REQUIREMENT:
The lines below starting at the line containing "Safavieh Vintage Leather" and ending at the line containing "Off the shoulder patterned bikini top" are to be repeated exactly, with both ends kept and nothing else added.

*** GIVEN RECORDS Section Begins ***

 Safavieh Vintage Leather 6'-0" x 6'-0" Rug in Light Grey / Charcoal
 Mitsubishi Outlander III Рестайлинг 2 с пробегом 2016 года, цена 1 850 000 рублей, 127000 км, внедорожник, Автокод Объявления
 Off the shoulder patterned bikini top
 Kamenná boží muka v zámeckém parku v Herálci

*** GIVEN RECORDS Section Ends ***
*** GIVEN RECORDS Section Begins ***

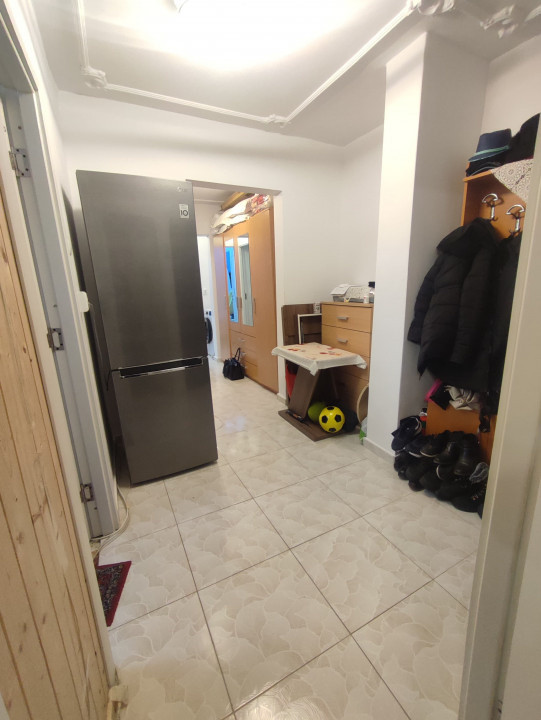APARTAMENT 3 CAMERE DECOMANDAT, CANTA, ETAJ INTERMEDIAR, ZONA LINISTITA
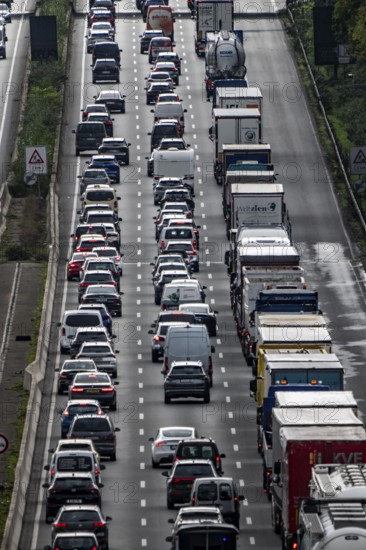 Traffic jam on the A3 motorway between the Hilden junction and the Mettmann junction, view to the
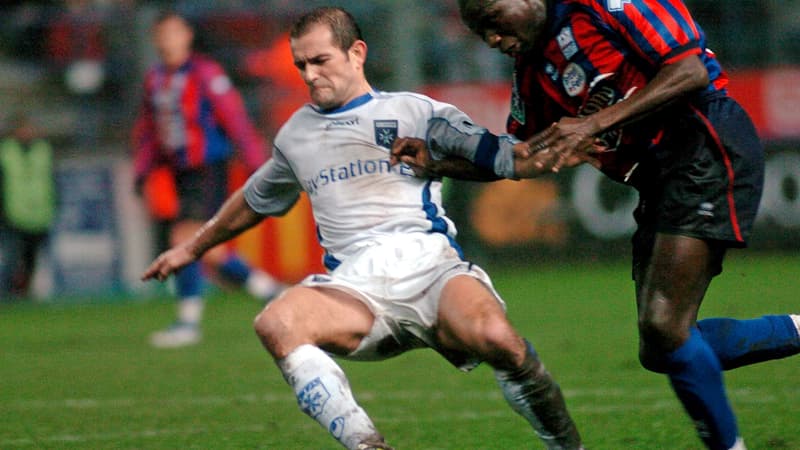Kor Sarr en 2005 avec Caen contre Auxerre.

*** GIVEN RECORDS Section Ends ***

ANSWER TO THIS PROBLEM:
 Safavieh Vintage Leather 6'-0" x 6'-0" Rug in Light Grey / Charcoal
 Mitsubishi Outlander III Рестайлинг 2 с пробегом 2016 года, цена 1 850 000 рублей, 127000 км, внедорожник, Автокод Объявления
 Off the shoulder patterned bikini top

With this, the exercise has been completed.